HOW TO COMPLETE THIS TASK:
Give back exactly the lines of the entries below from the line with "Traueranzeige von Irmgard Hülsmann von SYK" to the line with "Lot 105 - DROCOURT", inclusive, and only those.

DATASET EXCERPTS:

──────────────────────────────

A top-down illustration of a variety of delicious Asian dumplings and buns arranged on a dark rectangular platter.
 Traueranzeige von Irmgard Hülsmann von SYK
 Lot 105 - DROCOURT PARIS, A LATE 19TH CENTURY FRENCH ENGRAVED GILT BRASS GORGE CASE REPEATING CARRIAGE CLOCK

──────────────────────────────

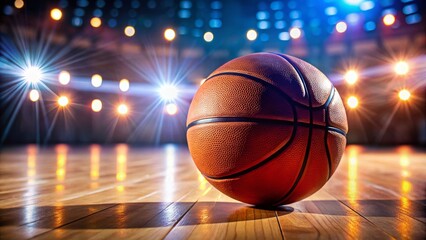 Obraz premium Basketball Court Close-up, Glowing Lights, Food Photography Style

──────────────────────────────

SOLUTION TO THIS PROBLEM:
 Traueranzeige von Irmgard Hülsmann von SYK
 Lot 105 - DROCOURT PARIS, A LATE 19TH CENTURY FRENCH ENGRAVED GILT BRASS GORGE CASE REPEATING CARRIAGE CLOCK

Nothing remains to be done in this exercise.